Explicit boundary model

class UserIn(BaseModel):
    email: str
    name: str

user = UserIn.model_validate(payload)
serialized = user.model_dump()

Why this works:

  • validation is explicit
  • serialization is explicit
  • the models job is clear

Small value-like internal class

@dataclass(frozen=True)
class Duration:
    start: Instant
    stop: Instant

Why this works:

  • state is simple
  • mutation is constrained
  • the class stays easy to trust

Counterexamples

Hand-rolled serialization everywhere

class User:
    def to_dict(self):
        return {
            "id": str(self.id),
            "name": self.name,
            "created_at": self.created_at.isoformat(),
        }

Every model now invents its own boundary behavior.

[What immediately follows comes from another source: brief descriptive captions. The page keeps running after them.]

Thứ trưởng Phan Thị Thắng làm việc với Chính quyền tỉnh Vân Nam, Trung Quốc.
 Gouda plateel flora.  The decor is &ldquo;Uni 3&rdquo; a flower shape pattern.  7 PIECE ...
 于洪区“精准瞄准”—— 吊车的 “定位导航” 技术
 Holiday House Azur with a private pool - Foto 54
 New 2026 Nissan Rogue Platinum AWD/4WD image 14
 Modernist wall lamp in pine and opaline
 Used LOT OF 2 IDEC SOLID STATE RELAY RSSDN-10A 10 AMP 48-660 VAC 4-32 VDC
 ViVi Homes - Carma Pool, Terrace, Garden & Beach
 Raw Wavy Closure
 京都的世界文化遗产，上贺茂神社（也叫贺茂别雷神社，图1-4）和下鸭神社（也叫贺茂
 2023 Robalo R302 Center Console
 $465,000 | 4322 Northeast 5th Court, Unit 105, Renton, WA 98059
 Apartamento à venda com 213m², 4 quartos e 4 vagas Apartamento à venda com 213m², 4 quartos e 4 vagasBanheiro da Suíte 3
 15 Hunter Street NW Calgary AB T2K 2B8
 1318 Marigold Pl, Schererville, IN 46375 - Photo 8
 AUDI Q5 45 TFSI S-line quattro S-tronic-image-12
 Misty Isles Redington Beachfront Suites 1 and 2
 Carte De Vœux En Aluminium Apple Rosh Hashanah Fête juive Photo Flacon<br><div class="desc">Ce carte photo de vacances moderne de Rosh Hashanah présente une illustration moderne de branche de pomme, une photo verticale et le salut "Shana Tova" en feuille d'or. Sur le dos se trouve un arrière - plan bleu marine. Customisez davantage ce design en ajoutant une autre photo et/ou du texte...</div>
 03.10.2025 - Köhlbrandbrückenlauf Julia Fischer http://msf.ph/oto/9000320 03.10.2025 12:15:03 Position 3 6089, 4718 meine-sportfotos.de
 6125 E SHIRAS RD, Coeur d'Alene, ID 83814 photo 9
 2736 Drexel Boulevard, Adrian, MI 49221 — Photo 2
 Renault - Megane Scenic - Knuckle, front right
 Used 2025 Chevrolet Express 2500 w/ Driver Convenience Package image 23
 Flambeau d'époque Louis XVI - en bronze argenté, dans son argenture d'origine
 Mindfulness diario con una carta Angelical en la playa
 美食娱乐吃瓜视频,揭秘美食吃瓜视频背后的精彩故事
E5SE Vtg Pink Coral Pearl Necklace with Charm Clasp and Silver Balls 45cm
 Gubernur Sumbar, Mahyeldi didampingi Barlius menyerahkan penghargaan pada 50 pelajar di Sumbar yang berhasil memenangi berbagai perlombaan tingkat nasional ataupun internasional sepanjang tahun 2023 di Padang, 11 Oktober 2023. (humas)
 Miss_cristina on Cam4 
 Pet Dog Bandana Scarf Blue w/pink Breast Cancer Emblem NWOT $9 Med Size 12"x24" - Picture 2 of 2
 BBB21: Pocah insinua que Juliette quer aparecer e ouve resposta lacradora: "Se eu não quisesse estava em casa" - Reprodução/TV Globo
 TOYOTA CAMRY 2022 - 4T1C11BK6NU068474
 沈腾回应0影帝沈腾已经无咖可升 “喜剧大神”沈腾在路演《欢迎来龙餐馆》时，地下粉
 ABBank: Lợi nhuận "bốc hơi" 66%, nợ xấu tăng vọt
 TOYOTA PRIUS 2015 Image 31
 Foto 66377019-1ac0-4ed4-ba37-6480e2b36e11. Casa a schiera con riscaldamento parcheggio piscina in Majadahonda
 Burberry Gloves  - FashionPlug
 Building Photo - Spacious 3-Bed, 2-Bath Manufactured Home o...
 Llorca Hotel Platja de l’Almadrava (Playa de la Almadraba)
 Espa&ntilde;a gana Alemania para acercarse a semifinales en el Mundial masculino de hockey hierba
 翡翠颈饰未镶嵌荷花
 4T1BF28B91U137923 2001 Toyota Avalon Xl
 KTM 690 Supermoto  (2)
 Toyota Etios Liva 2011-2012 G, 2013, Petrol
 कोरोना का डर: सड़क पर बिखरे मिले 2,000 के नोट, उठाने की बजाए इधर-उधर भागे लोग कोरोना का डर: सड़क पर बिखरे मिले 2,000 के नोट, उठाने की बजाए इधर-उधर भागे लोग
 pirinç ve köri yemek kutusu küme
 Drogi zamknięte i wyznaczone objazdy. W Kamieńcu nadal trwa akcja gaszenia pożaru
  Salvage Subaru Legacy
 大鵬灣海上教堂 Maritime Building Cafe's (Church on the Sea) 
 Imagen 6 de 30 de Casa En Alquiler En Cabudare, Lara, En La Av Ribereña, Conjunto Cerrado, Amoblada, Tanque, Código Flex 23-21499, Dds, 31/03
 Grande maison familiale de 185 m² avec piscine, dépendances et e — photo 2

One class owns every concern

class OrderModel:
    def validate(self): ...
    def save(self): ...
    def send_webhook(self): ...
    def render_html(self): ...

That is not a model. That is a junk drawer.

Source signals

Pydantic

  • pydantic/main.py:253-264 says BaseModel.__init__ parses and validates input data and raises ValidationError on bad input.
  • pydantic/main.py:455-519 defines model_dump(...) as an explicit serialization step with caller-controlled include/exclude behavior.
  • pydantic/main.py:721-768 defines model_validate(...) -> Self as a named boundary-crossing API.
  • docs/index.md:82-107 pairs model creation with model_dump() instead of treating instances as already wire-ready.
  • docs/index.md:109-124 shows invalid external input failing loudly with ValidationError.

Attrs

  • docs/examples.md:24-44 shows @define creating lightweight typed classes with generated constructor, repr, and equality behavior.
  • docs/examples.md:143-205 uses keyword-only fields to keep construction explicit at the call site.
  • docs/examples.md:209-220 uses asdict(...) as an intentional conversion step.

Pytest

  • src/_pytest/timing.py:24-64 models Instant and Duration as frozen dataclasses for simple internal timing state.

Bottom line

Boundary models should validate and serialize cleanly.

Internal models should stay small and honest.

If one model starts owning every concern in the system, split it before it turns to mud.